AI tools like computer vision and natural language processing can significantly enhance security. It’s a lot harder to fake someone’s vocal pitch than it is to hack their password, and it’s harder still to mimic their eye’s unique patterns. Many such systems that use facial recognition to verify customers via selfies are already in use. They’ll only become more sophisticated and secure as AI systems are able to analyze people’s faces, voices, eyes, and even their behavioral patterns simultaneously to determine if people are who they say they are.


AI is shaping up to be a formidable tool for fighting cyberattacks, which represent a growing threat in areas such as healthcare, finance, and insurance. Hackers who steal people’s personal data can use it to access their financial accounts and commit insurance fraud, wreaking havoc in victims’ lives. AI systems learn to spot anomalies in databases and transactions, and they can run 24/7, so there’s no downtime when hackers can easily break in.

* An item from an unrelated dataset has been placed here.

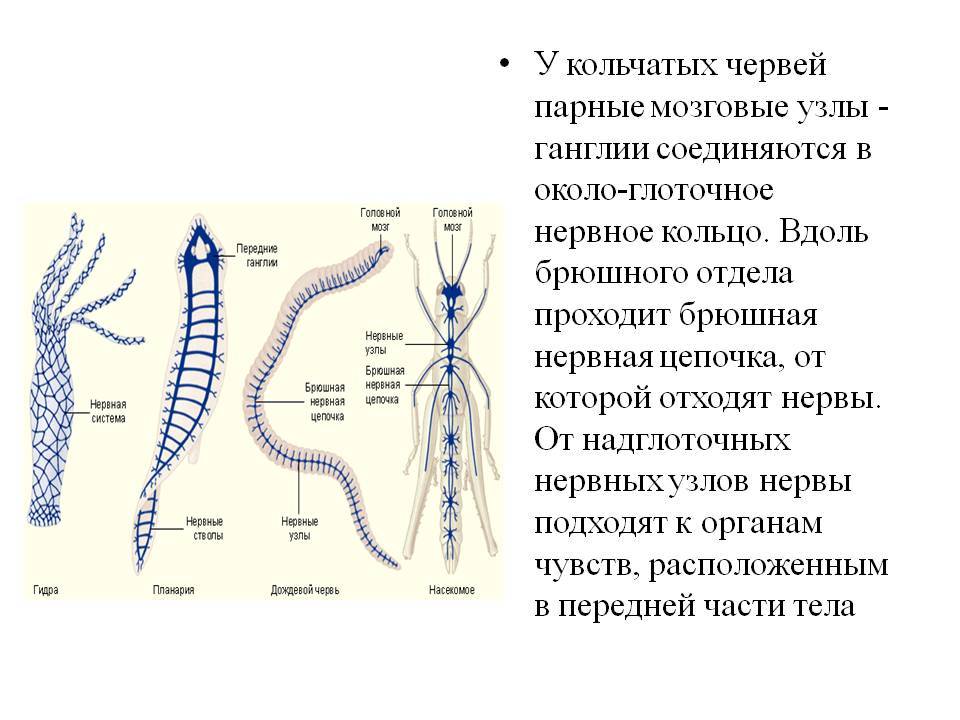 Кракен впн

Given the enormous amount of data generated every day, human efforts must be augmented by AI to truly defend against cyber criminals. This is an increasingly relevant use of the technology, particularly as more and more companies store consumer data digitally and conduct financial transactions online.

Although artificial intelligence has existed as an idea for more than seven decades, we’re only beginning to see its power and potential. The tools built on technologies such as machine and deep learning will transform workplaces and even how we think about our careers and lives. With advanced AI on their side, the businesses of the future can be more productive, efficient, and secure.